Dos directores jóvenes y con películas (y estilos) diametralmente opuestas han protagonizado la segunda jornada del Festival. Por una parte, un Louis Garrel que apuesta por contarnos cosas muy serias de una forma muy desenfadada. Por otra, Rodrigo Sorogoyen confirmando su progresión ascendente con su mejor película hasta la fecha.
Un hombre fiel: un Garrel ligero y entretenido
A los diez segundos de comenzar Un hombre fiel se ha desatado el drama con el que se inicia la película. A los 12 segundos, han empezado las primeras risas en la sala. Algunas nerviosas (mira que si me estoy riendo porque no estoy pillando el tono de este dramón). A los veinte segundos las risas eran generalizadas. Garrel había decidido llevar su historia de amor, misterio y fidelidad al terreno de una comedia de enredos. Porque cualquier otra aproximación hubiera podido caer en la intensidad emocional extrema que acaba produciendo cierta vergüenza ajena.
Así que, ya puestos, Garrel decide establecer premisas en un continuo «más difícil todavía», tan increíbles como probables (seamos sinceros, en asuntos del corazón todos somos capaces de superar cualquier ficción pasada de vueltas por poco que lo intentemos). Un Juego de enredos sentimentales que oponen dos visiones femeninas, una acertadísima Laetitia Casta y una correcta Lily-Rose Melody Depp, con dos miras infantiles. Porque si el pequeño Joseph es un niño de nueve años que se interesa por los misterios y los provoca, si es necesario, el personaje que interpreta el propio Garrel, Abel, es más inmaduro y por momentos más infantil.

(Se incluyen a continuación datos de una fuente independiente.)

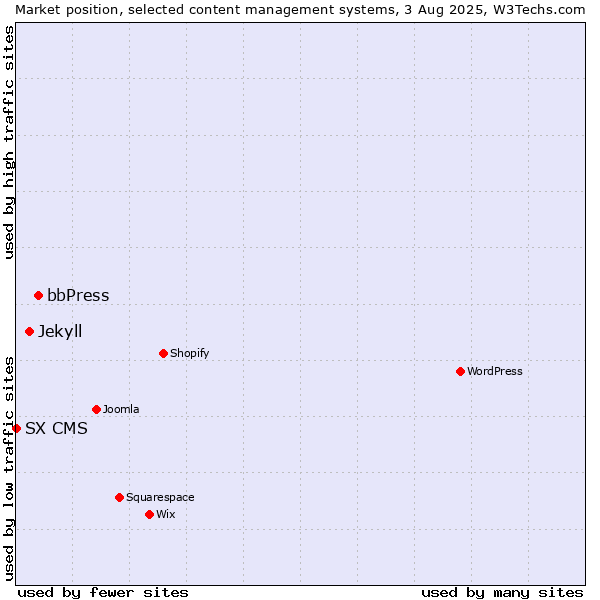 Market position of bbPress vs. Jekyll vs. SX CMS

Garrel acierta en el tono y en la duración. En 75 minutos cuenta la historia desde los puntos de vista que necesita, crea y desarrolla unos personajes que funcionan, y logra combinar los momentos dramáticos con algunos más cómicos (en ocasiones hasta ridículos). Al contrario de lo que sucedía con El amor menos pensado, aquí las transiciones funcionan muy bien.

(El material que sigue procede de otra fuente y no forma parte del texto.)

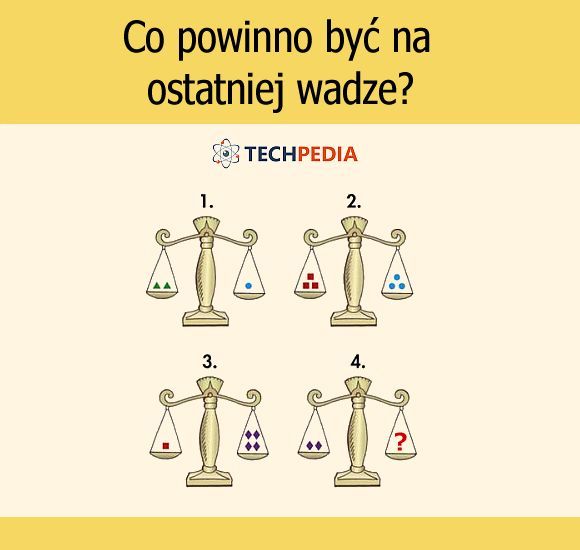 Co powinno być na ostatniej wadze?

Este tipo de películas suelen quedar sepultadas bajo películas más dramáticas y/o oscuras, pero en este caso la comedia funciona y, aunque su recepción ha sido dispar, su tono desenfadado juega mucho a su favor.

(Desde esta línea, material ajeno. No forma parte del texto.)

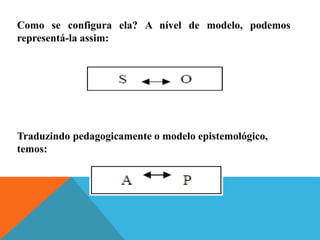 Como se configura ela? A nível de modelo, podemos
representá-la assim:
Traduzindo pedagogicamente o modelo epistemológico,
temos:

El reino: auge y caída del príncipe de las cloacas
Manuel López Vidal es el personaje a quien da vida Antonio de la Torre en El Reino. No es ningún político que podamos reconocer, no es un príncipe territorial pendiente de la abdicación que no llega… No es ninguna figura de nuestro panorama político. Y es todos ellos al mismo tiempo. Y, si como dicen, las ratas son las primeras siempre en abandonar el barco, en la escena política patria hay patrias que se aferran a la última tabla del naufragio para convertirla en su reino. Pero, un momento, todo esto es ficción, ¿no?
Sí, El Reino es ficción. Como la que vemos cada día en el telediario. Como la que, de tanto repetirse, ha llegado a narcotizarnos hasta parecernos normal. En El Reino, la cámara se pega al cogote de Manuel López Vidal y lo persigue (¿o acaso es él quien persigue a su presa de poder?). Cámara inquieta, como inquietante es la historia que nos cuenta. Con mucho ritmo y un guion arriesgado que coquetea con el precipicio en algunos momentos, pero que siempre recupera el vuelo. Sorogoyen persigue a sus personajes como De la Torre persigue a su personaje, ambos saben cuando aflojar para que la película no se resienta. Pero cuando aprietan… es con todas las consecuencias.
Magnífica película que juega bien sus bazas (guion sólido, buenos actores, ritmo). Y que desemboca en un cara a cara entre Antonio de la Torre y Bárbara Lennie que, además de provocar un aplauso generalizado en el Victoria Eugenia, es uno de los mejores cierres de película que recordamos.